# Landscape block cement or mortar?



## Bud Cline (Mar 12, 2006)

The base (footing) should be below the frost-line, should it not. That's going to be more than 10" more than likely. It should be level.

If the PL product is made for the retaining wall blocks then why wouldn't you be able to use it?


----------



## czissman (Apr 2, 2011)

Hi Bud,

I'm in California where there is no frost line but thanks for the suggestion.

As to PL adhesive claiming to be good for this applicaton, they don't list any parameters like "for walls up to x height". 

I'm hoping that people who have experience with the product will be able to give an opinion based on their real-world practical experience.

Chuck



Bud Cline said:


> The base (footing) should be below the frost-line, should it not. That's going to be more than 10" more than likely. It should be level.
> 
> If the PL product is made for the retaining wall blocks then why wouldn't you be able to use it?


----------



## Bud Cline (Mar 12, 2006)

> I'm hoping that people who have experience with the product will be able to give an opinion based on their real-world practical experience.

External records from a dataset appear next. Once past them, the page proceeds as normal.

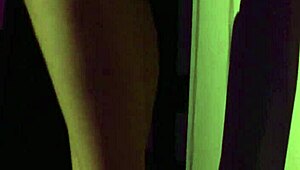 close up babe jerks huge cock for intimate facial cumshot explosion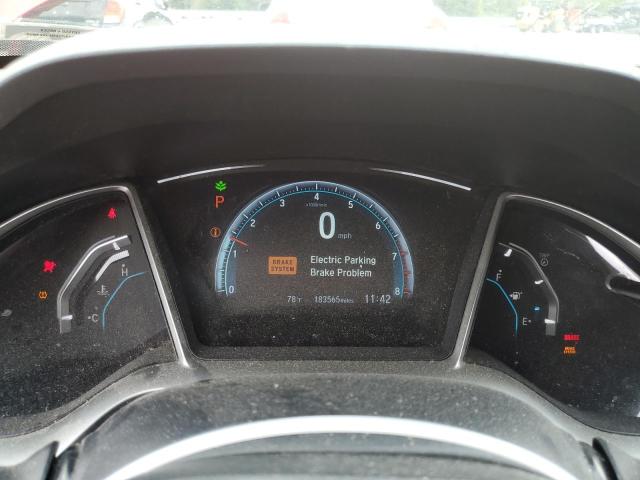 2HGFC2F72GH514098 - 2016 HONDA CIVIC EX RED photo 9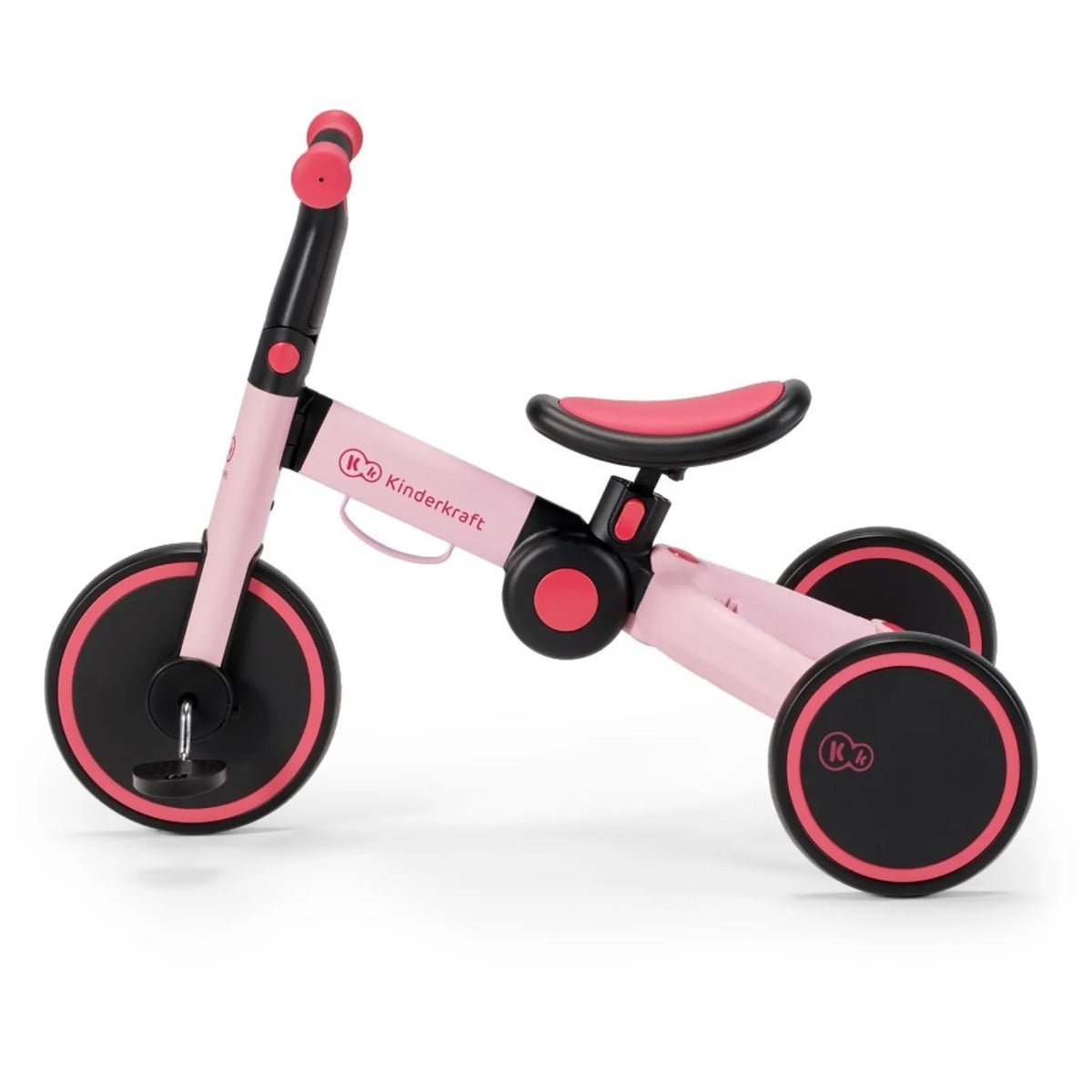 Kinderkraft tricicleta 4TRIKE 12m+ Candy Pink Imagine secundară a produsului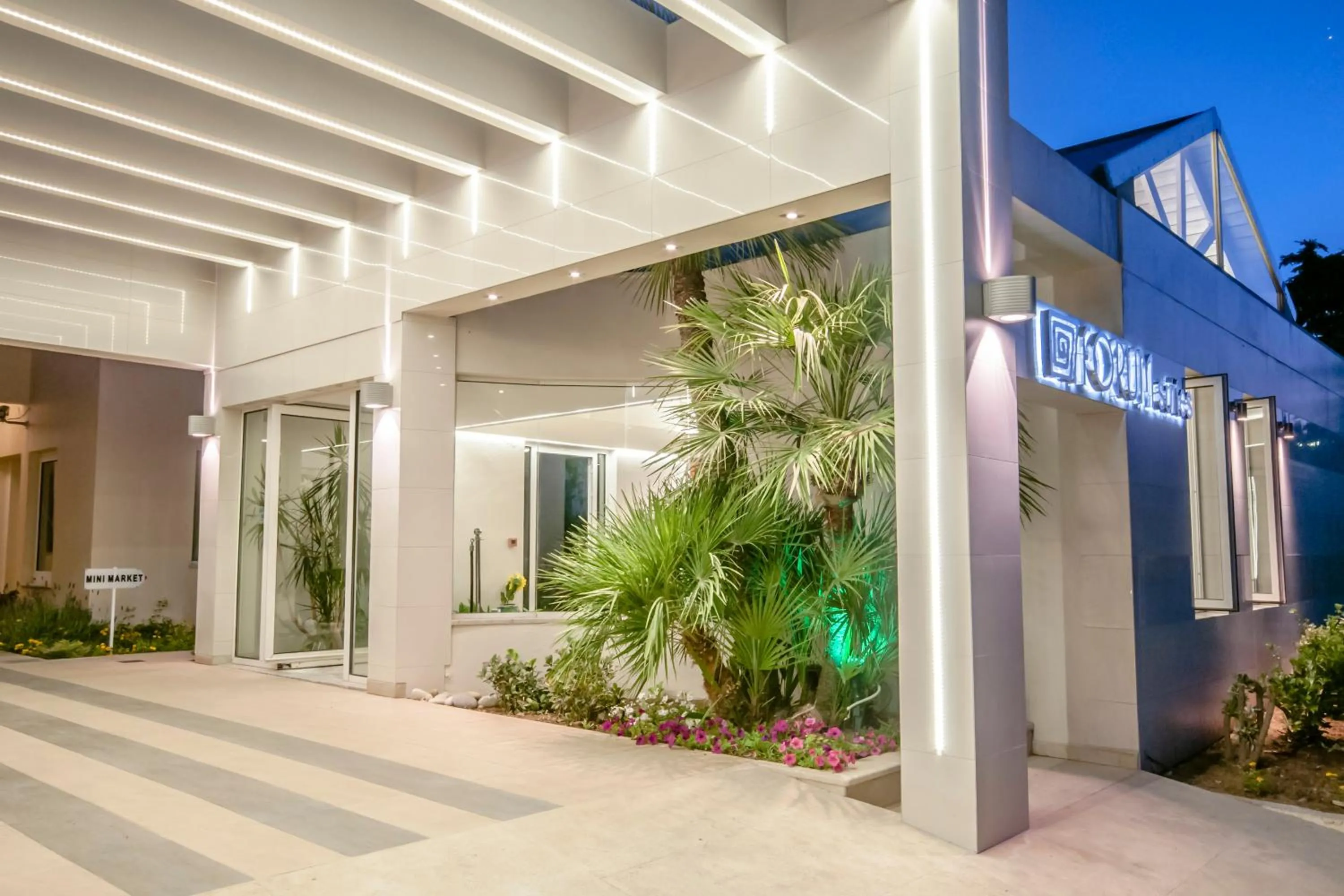 Lobby or reception in Forum Suites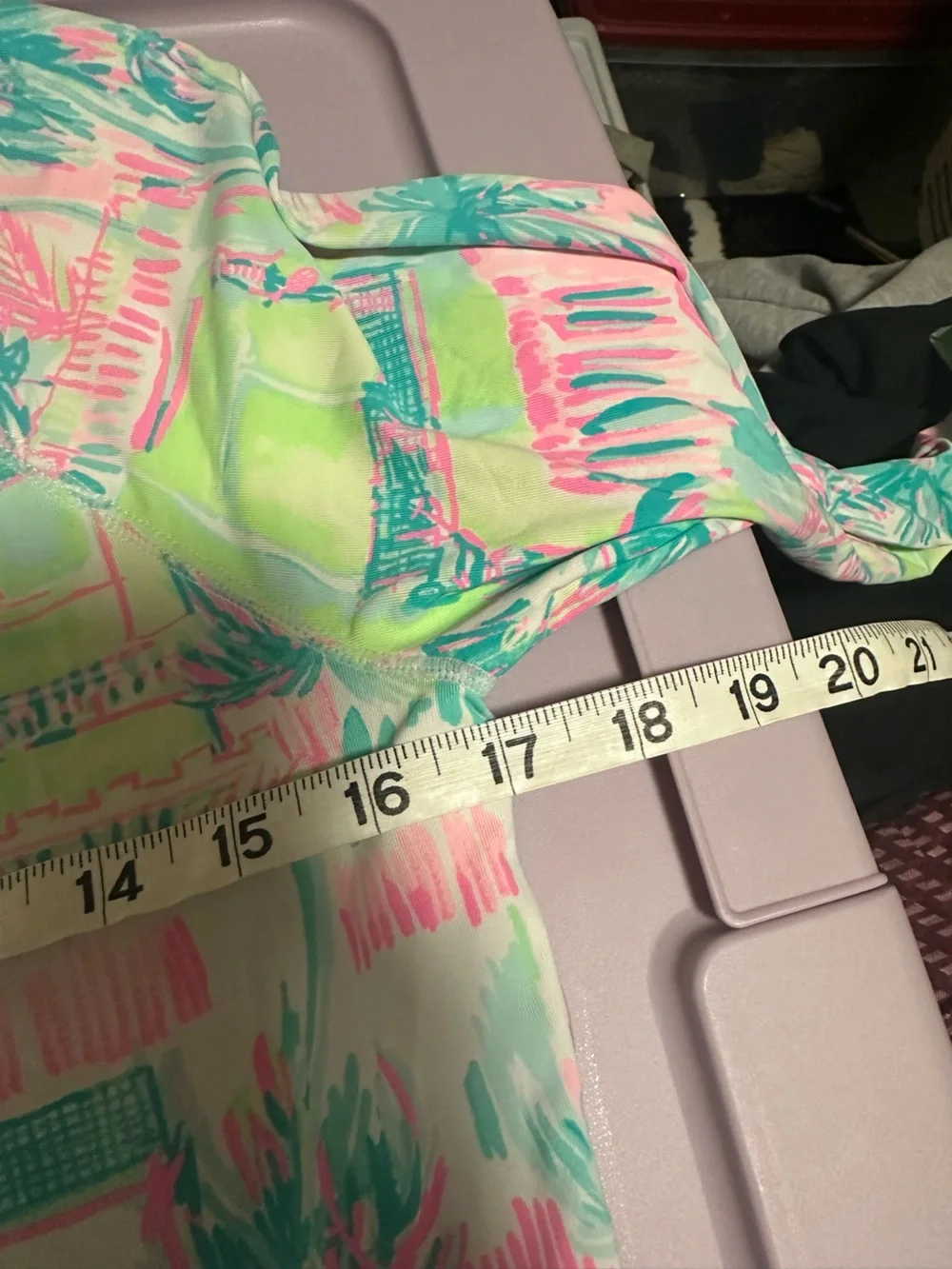 Lilly Pulitzer S Luxlectic Jacket Meryl Perfect Match Zip Up hadlee jacket 29742 - Picture 7 of 7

Well alrightee then Chuck Chuck Bo Buck:laughing: 
I'll shut the hell up and let you deal with another Do-It-Yourselfer rather than someone like me with only thirty-five years experience in this type of thing. You're only going three feet high for Gods sake, it isn't like you were building the Washington Monument.:thumbup:


----------



## czissman (Apr 2, 2011)

Wow, you're just a little sensitive there Buddy Boy. I said nothing derogatory about you, I didn't say or even suggest anything you said was wrong.

Had you said something in your reply that indicated you have *any* experience with the product rather than just suggesting I should believe what the manufacturer tells me, then I might not have said I'm hoping to get input from people who have actually used the product. 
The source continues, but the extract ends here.